Di., 03.09.2019

Hinterlandbebauung zwischen Oberer und Unterer Wiesestraße möglich – Ausschuss berät am Montag 20 Baugrundstücke in Sundern?

Hier ist noch ganz viel Grünfläche: In den Gärten zwischen Oberer und Unterer Wiesestraße könnte Hinterlandbebauung entstehen.

Hier ist noch ganz viel Grünfläche: In den Gärten zwischen Oberer und Unterer Wiesestraße könnte Hinterlandbebauung entstehen.

Hiddenhausen (WB/kop). Weiteres Bauland für Sundern – diesen Wunsch äußerten etliche Bürger im Rahmen der Dorfwerkstatt in dem Ortsteil. Und diesem Wunsch könnte demnächst entsprochen werden. Der Gemeindeentwicklungsausschuss wird sich am kommenden Montag, 9. September, damit beschäftigen.

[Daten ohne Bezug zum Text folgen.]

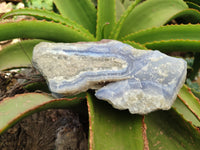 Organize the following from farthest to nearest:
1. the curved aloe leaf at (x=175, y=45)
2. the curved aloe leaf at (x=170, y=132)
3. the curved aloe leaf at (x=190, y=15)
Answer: the curved aloe leaf at (x=190, y=15), the curved aloe leaf at (x=175, y=45), the curved aloe leaf at (x=170, y=132)

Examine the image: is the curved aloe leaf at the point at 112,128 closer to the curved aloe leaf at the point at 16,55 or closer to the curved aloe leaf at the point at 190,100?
the curved aloe leaf at the point at 190,100

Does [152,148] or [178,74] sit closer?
[178,74]

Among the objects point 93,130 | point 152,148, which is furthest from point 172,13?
point 93,130

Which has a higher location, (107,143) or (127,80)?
(127,80)

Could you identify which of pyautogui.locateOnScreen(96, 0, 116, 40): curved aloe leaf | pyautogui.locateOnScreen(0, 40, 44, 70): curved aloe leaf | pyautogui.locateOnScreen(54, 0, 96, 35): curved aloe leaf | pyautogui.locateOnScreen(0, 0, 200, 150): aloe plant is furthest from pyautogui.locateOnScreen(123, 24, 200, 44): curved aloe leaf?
pyautogui.locateOnScreen(0, 40, 44, 70): curved aloe leaf

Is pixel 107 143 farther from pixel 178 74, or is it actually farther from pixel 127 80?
pixel 178 74

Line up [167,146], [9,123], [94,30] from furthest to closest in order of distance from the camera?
[94,30]
[167,146]
[9,123]

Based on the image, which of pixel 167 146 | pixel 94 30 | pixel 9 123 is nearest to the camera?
pixel 9 123

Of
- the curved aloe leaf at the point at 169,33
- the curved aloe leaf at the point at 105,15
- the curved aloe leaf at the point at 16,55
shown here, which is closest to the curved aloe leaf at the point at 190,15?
the curved aloe leaf at the point at 169,33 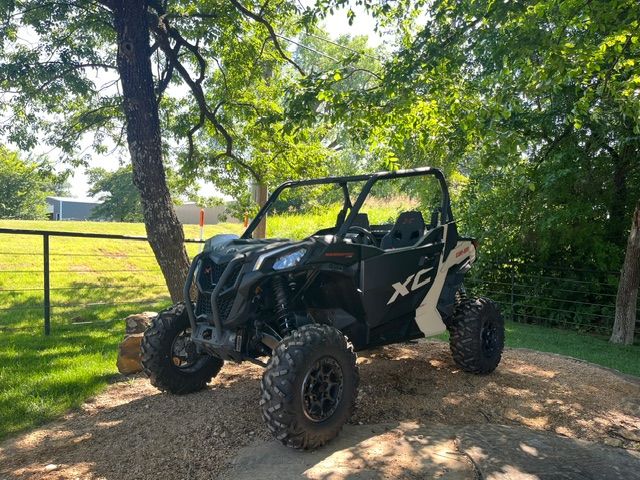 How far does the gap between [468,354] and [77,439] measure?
347 cm

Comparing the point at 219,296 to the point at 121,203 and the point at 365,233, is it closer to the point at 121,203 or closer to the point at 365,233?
the point at 365,233

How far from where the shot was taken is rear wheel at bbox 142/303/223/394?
14.6 ft

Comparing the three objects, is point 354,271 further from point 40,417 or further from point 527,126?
point 527,126

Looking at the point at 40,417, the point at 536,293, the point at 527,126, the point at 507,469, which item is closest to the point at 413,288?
the point at 507,469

Wie Alexander Graf, Leiter des Amtes für Gemeindeentwicklung, betonte, wolle die Gemeinde nicht mehr auf der grünen Wiese bauen. Man könne aber den Innenbereich noch vergrößern. Konkret geht es um Hinterlandbebauung auf der Fläche zwischen der Oberen und der Unteren Wiesestraße. An beiden Straßen hätten die Anwohner bis kurz vor der Einmündung Neuer Kamp die Möglichkeit, ihre Gärten als Bauland zur Verfügung zu stellen.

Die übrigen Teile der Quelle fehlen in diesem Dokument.